Я родился с седлом на спине – в Москву! в Нью-Йорк! в могилу! Невозможно не откликнуться на зов пространства, даже если это виза не в рай, а в ад. Мне как-то снилось, что я не решаюсь на что-то важное, а я как раз всегда решался и шел на риск. Лена – другое дело: ей пришлось вживить седло под кожу, наподобие искусственного осеменения или выходящего из моды силиконового имплантата. Пусть именно Лена была инициатором отвала, но скорее импульсивным, а потом тянула, тянула, когда мы, порвав с официальной литературой, образовали свое независимое информационнное агентство «Соловьев – Клепикова-пресс» – не только чтобы не сговниться, а так мы сами отрéзали себе путь назад, но и чтобы не потерять квалификацию на вынужденном простое. На Лену было покушение – цементная плита с крыши нашего московского дома в Розовом гетто просвистела и шлепнулась в полушаге от нее. Или это было предупреждение? Приказ выметаться в неделю был под стать моей спринтерской природе: подразнить Левиафана – да, но не вступать с ним в неравное единоборство: случай с Давидом – единичный. Мой кумир, мой конек, моя мечта – литература, а политика – поневоле: как средство выпрямления под мощным прессом государства. Помню не помню чью-то картину – какого-то второразрядного позднеренессансного художника из Феррары: Справедливость (богиня) пытается прорваться на прием к Зевсу с жалобами на земные несправедливости, а Гермес ее останавливает, приложив палец к губам, – Громовержец занят. И действительно, Зевс сидит перед мольбертом и рисует. Самое удивительное, что́ рисует Верховный Олимпиец.
Бабочку.
Что позволено Зевсу да будет позволено мне. См. мой рассказ «Сон бабочки» в следующей книге.

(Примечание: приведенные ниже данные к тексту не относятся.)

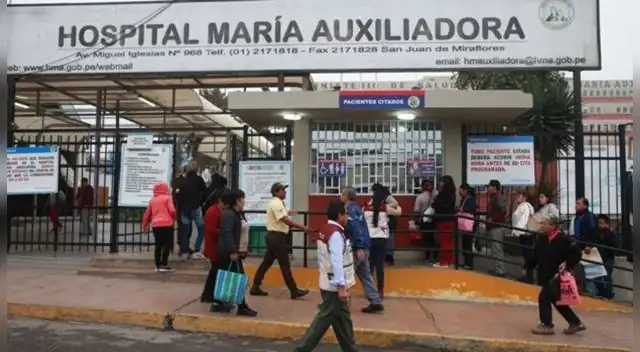 El hospital de San Juan de Miraflores tiene muchos doctores en cuarentena por haber asistido a una reunión con la ginecóloga que tenía coronavirus. El hospital de San Juan de Miraflores tiene muchos doctores en cuarentena por haber asistido a una reunión con la ginecóloga que tenía coronavirus.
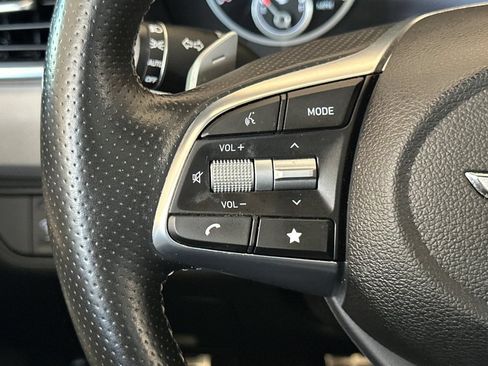 Used 2023 Genesis G70 2.0T w/ Sport Prestige Package RWD image 29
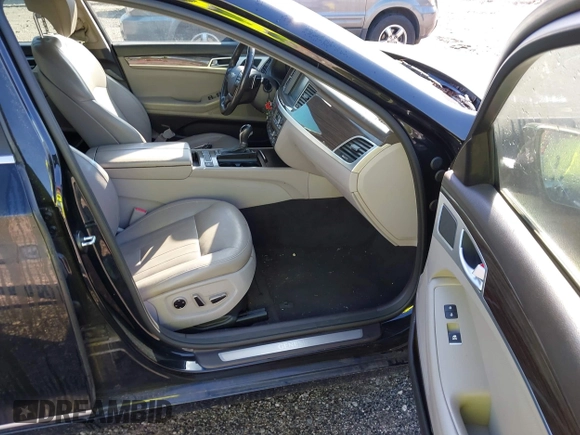 2016 Hyundai Genesis 3.8L z VIN KMHGN4JEXGU133770, wystawiony jako IAAI lot #41995242 z przebiegiem 181 715 mil mil oraz . Historia ofert i sprzedaży dostępna na DreamBid. Obrazek 5.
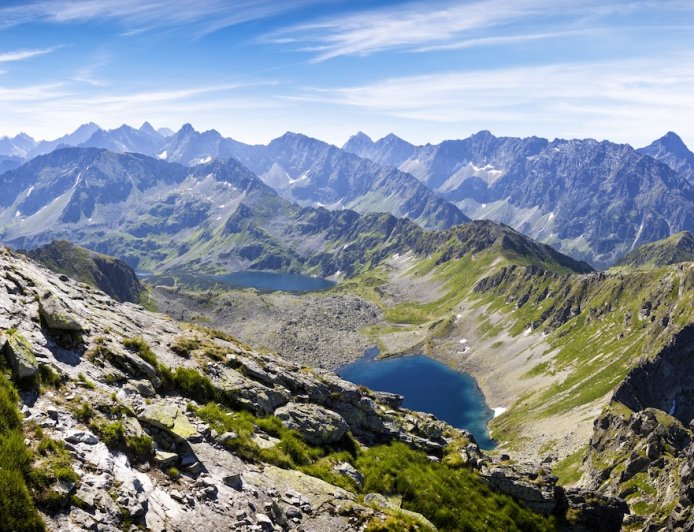 Viral Video Blasts Parents for Hiking in Tatras with Kids in Sandals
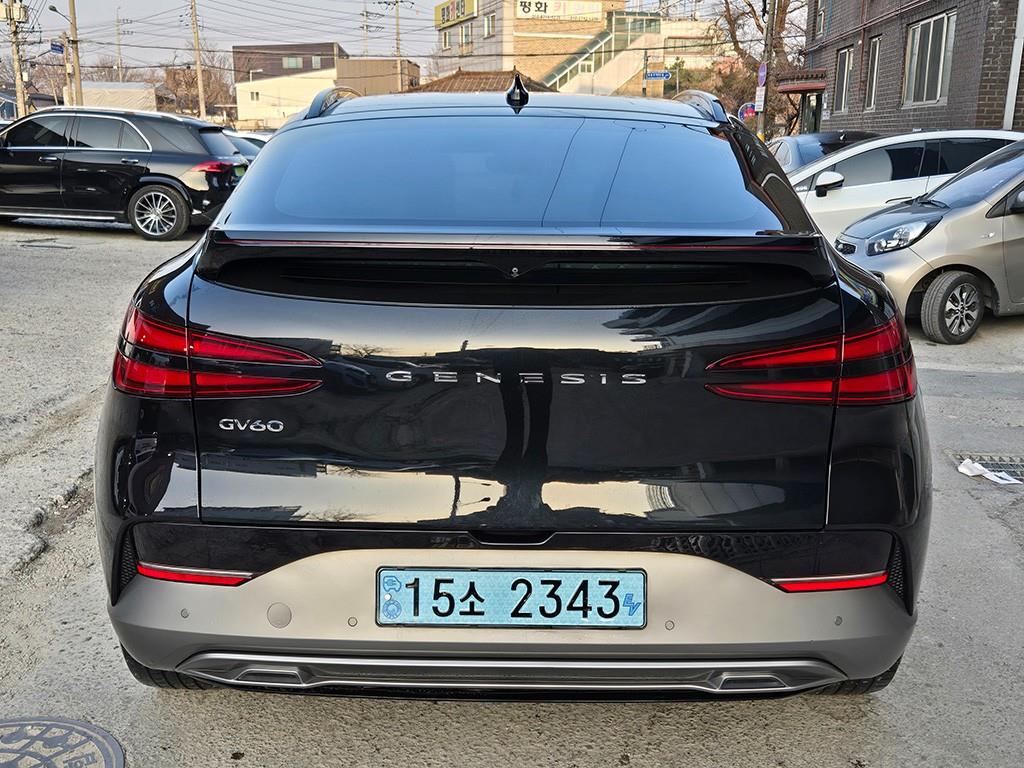 Genesis GV60 - Vista 4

Я видел двойную радугу над водопадом в Квебеке – Лена сказала, что это краски Бога.
Я написал о явлении мне Бога в радуге, знамении Завета между Им и между землею, и назвал ту прекрасную прозу «Бог в радуге». См. первую книгу этого сериала про Довлатова.
Радугой был назван первый мост без опор в провинции Шаньдун в Китае.
Что важнее – инженерное изобретение времен династии Сун или художественная метафора того же времени?
У меня в комнате висит акварель на шелке «Голубь на цветущей ветке» китайского императора XI века Хуй Тзунга – в куда более целомудренной транскрипции его имя Сунн Хуэй Цун.
А вот и имя феррарца всплывает из завалов моей памяти: Доссо Досси. В те времена даже маргиналы были классными художниками. Как раз корифеев – недолюбливаю: Леонардо скорее уважаю, чем люблю; Микеланджело люблю выборочно, Рафаэля не люблю вовсе, за исключением разве его превосходных портретов. Будет повод – объясню. Не здесь, так в другой книге.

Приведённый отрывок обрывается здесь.